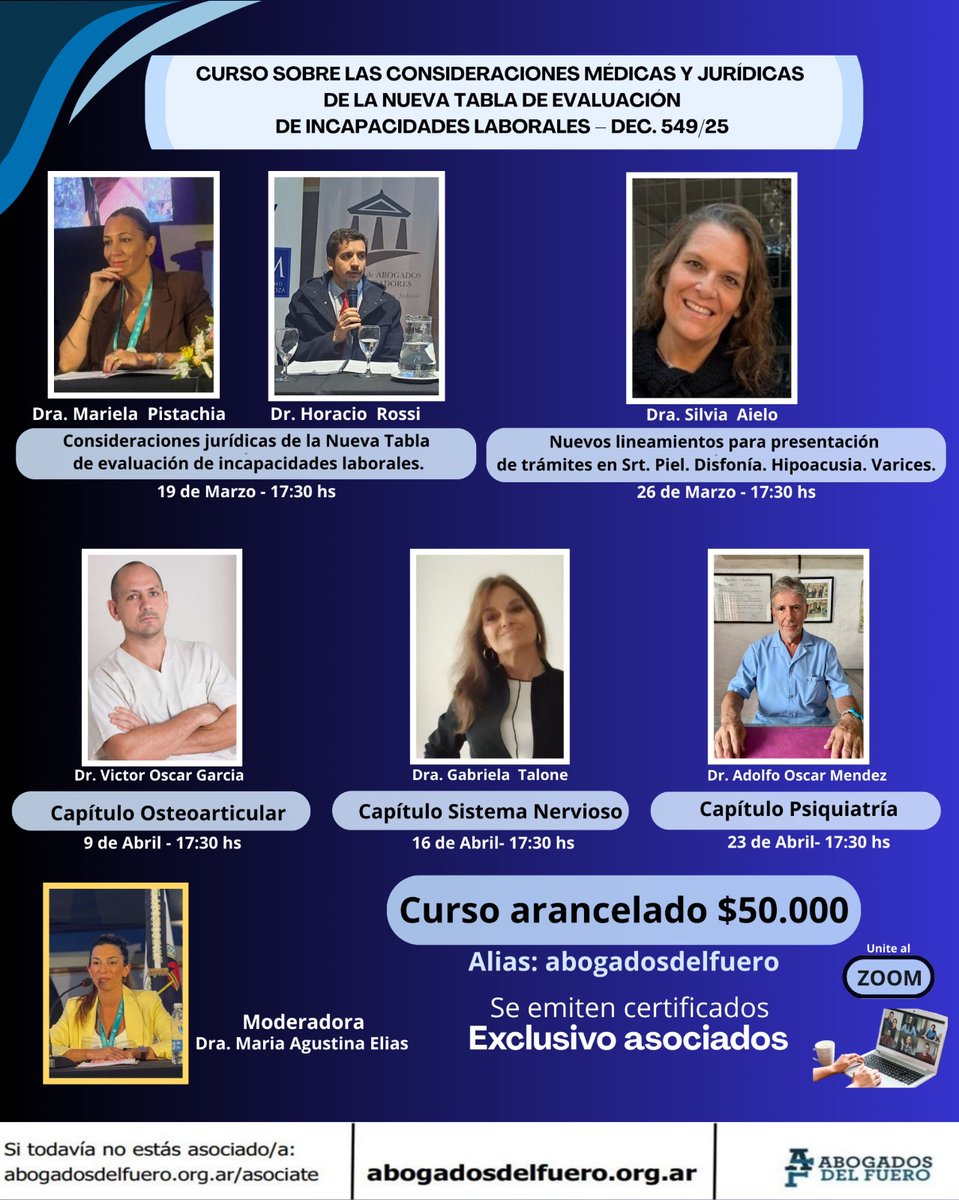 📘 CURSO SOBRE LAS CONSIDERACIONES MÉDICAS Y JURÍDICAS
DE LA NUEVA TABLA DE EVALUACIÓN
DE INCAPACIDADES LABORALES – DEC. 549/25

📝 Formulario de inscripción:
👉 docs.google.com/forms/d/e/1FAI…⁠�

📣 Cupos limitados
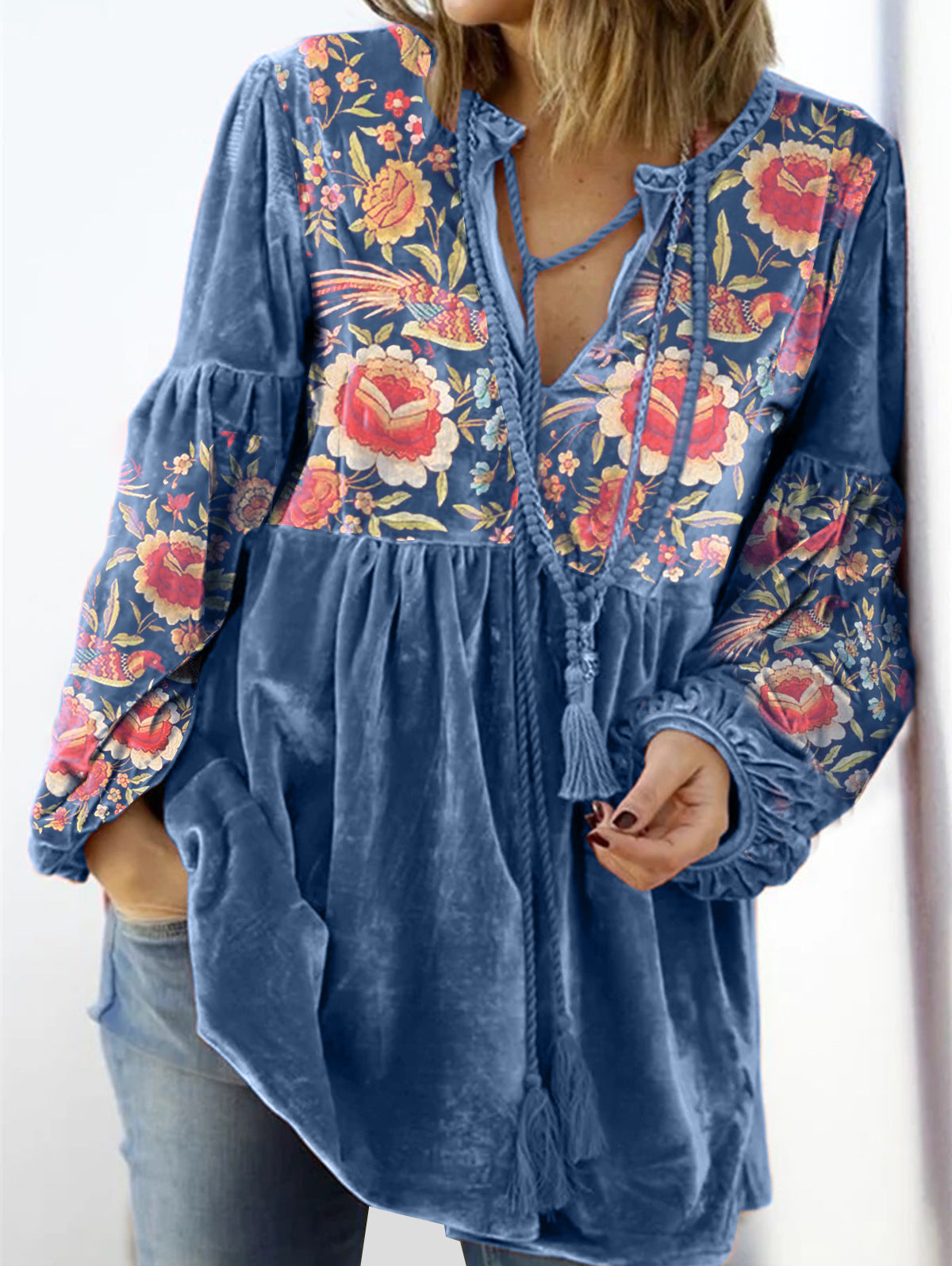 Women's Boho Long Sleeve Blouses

********

- _Exercise details_
Would you output the listing above verbatim, without its pictures?

- _Exercise response_
 📘 CURSO SOBRE LAS CONSIDERACIONES MÉDICAS Y JURÍDICAS
DE LA NUEVA TABLA DE EVALUACIÓN
DE INCAPACIDADES LABORALES – DEC. 549/25

📝 Formulario de inscripción:
👉 docs.google.com/forms/d/e/1FAI…⁠�

📣 Cupos limitados
 Women's Boho Long Sleeve Blouses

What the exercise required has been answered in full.